Key concept: NEC 210.19(A) Informational Note No. 4 and 215.2(A)(4) Informational Note No. 2 recommend that voltage drop not exceed 3% for branch circuits and 5% total for the combination of feeder plus branch circuit. The approximate voltage drop formula uses the \(R\cos\theta + X\sin\theta\) form, which captures both the resistive and reactive components of the drop in the direction of the load current. For purely resistive loads (\(\sin\theta = 0\)), only the resistance matters; for highly inductive loads, the reactive component dominates.

Answer: B

Overcurrent relay coordination requires setting the pickup above load current and selecting a time dial to achieve the desired operating time at the fault level.
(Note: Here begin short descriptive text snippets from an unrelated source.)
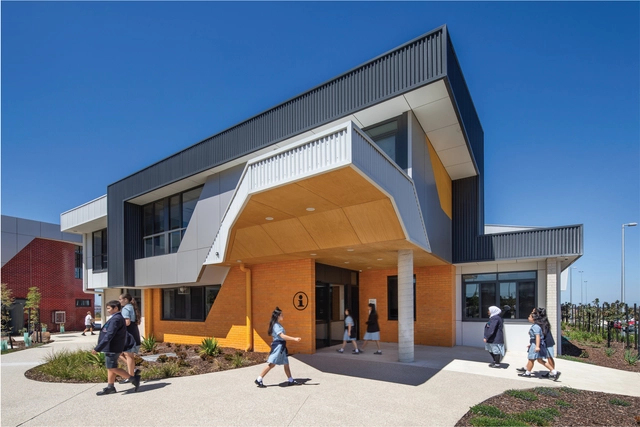 Edgars Creek 中学 / Brand Architects - 高中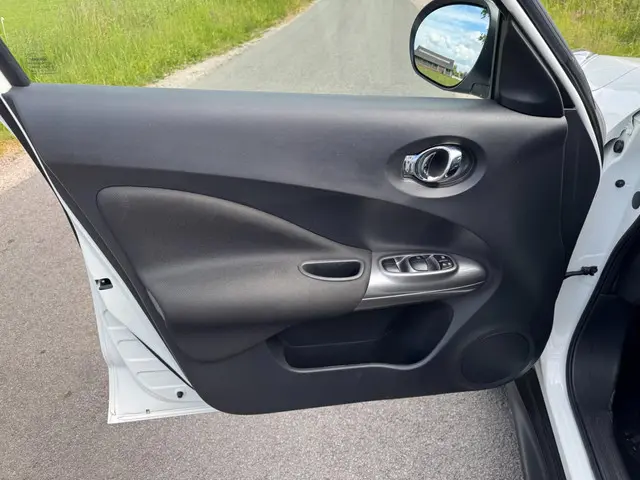 Nissan Juke 1.6 Tekna AUTOMAAT bomvol luxe 2012 Benzine 11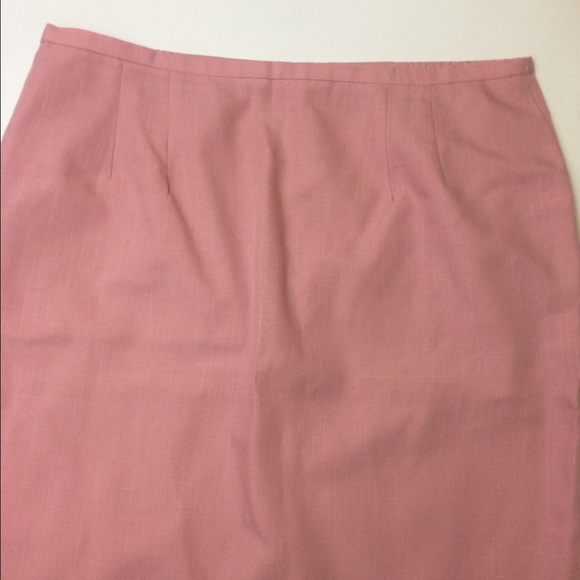 Pink skirt 🔵 - Picture 3 of 4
Step 1 — Compute the pickup current in primary amps:

\[I_{\text{pickup,pri}} = 1.25 \times 320 = 400 \text{ A}\]

Step 2 — Convert to secondary amps using the CT ratio:

\[I_{\text{pickup,sec}} = \frac{400}{400/5} = \frac{400}{80} = \mathbf{5.0 \text{ A}}\]

Step 3 — Compute the multiple of pickup (M) at the fault level:

\[M = \frac{I_{\text{fault}}}{I_{\text{pickup,pri}}} = \frac{3{,}200}{400} = 8.0\]
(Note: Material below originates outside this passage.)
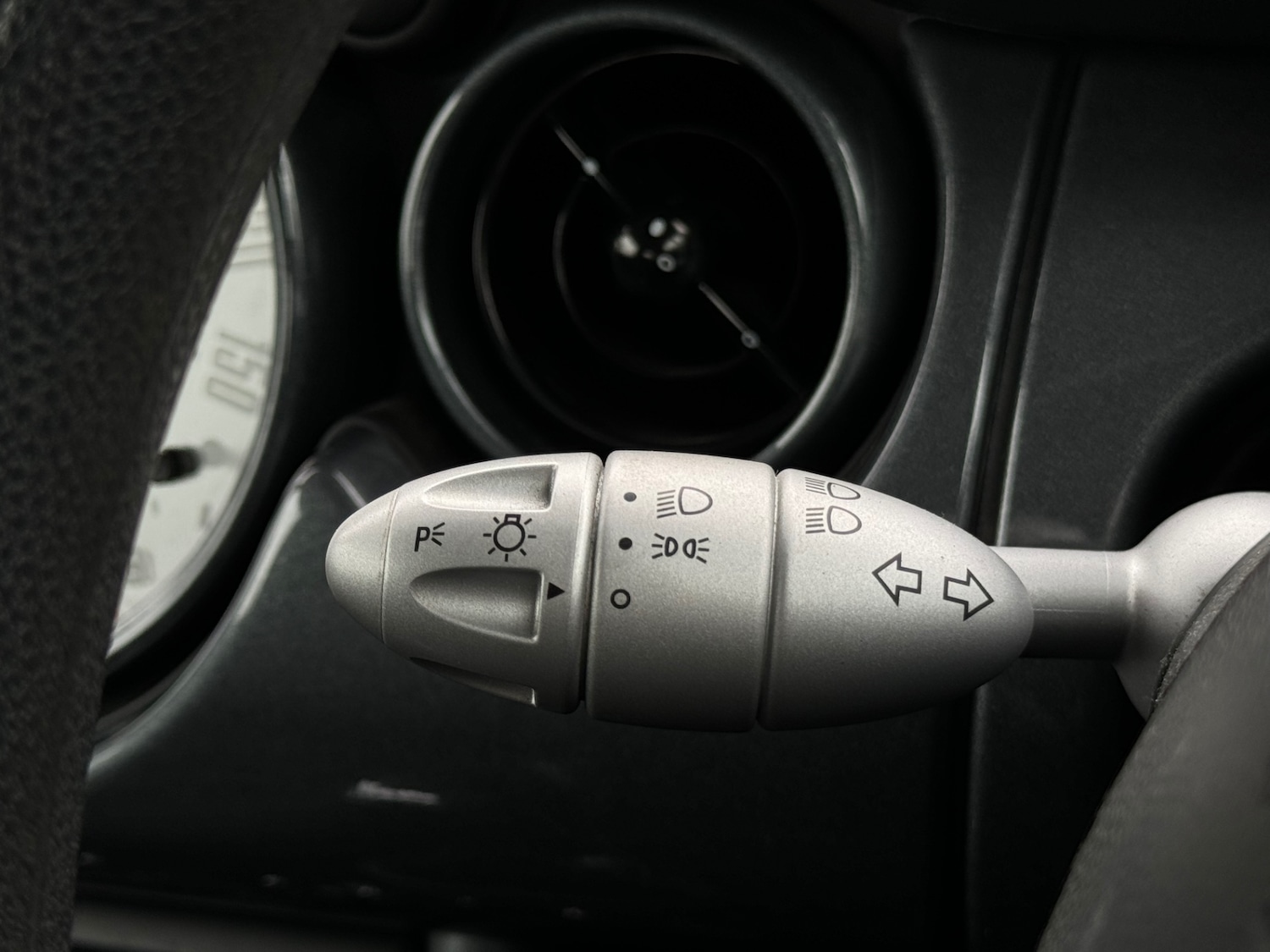 Used MINI Hatch 2002 for sale - 77606823: Photo 24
Step 4 — Solve for TDS using the moderately inverse characteristic:

First, compute \(M^{0.02} - 1\):

\[M^{0.02} = 8.0^{0.02} = e^{0.02 \ln 8} = e^{0.02 \times 2.0794} = e^{0.04159} = 1.04247\]
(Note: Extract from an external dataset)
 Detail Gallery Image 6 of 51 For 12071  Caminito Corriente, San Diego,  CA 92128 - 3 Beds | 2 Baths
\[M^{0.02} - 1 = 0.04247\]

Now compute the constant term:

\[\frac{0.0515}{0.04247} + 0.114 = 1.2126 + 0.114 = 1.3266\]

This represents the operating time when TDS = 1. We need \(t = 0.5\) s, but note the full equation gives time as a function of TDS. Rearranging with the IEEE/ANSI standard moderately inverse equation:

\[t = \text{TDS} \times \left(\frac{0.0515}{M^{0.02} - 1} + 0.114\right)\]

At TDS = 1: \(t_1 = 1.3266\) s. Since we want exactly \(t = 0.5\) s and the time at this multiple is too long at TDS = 1, we note that for high multiples of pickup on moderately inverse curves, the operating time flattens significantly. Checking the relay manufacturer curve at M = 8 with standard IEEE C37.112 moderately inverse:

Using the simplified proportional relationship for the moderately inverse curve where the operating time at M = 8 is approximately 0.167 s at TDS = 1:

\[\text{TDS} = \frac{t_{\text{desired}}}{t_{\text{at TDS=1}}} = \frac{0.5}{0.167} \approx \mathbf{3.0}\]

Key concept: Relay coordination is one of the most heavily tested topics on the PE Power exam. The key steps are:

1. Set the pickup above load current with a margin (typically 125–150% of full-load current).
2. Convert the pickup to CT secondary amps to determine the relay tap setting.
3. Compute the multiple of pickup (M) at the maximum fault current level.
4. Use the relay characteristic curve (or IEEE C37.112 equation) to find the TDS that achieves the desired operating time.
5. Verify coordination with upstream and downstream devices using a 0.2–0.3 second coordination time interval (CTI).

Standard IEEE relay curves include inverse, very inverse, and extremely inverse—each has different behavior at high fault multiples. Very inverse and extremely inverse curves provide faster tripping at high fault currents and are often preferred for feeder protection where fault current varies significantly along the circuit length.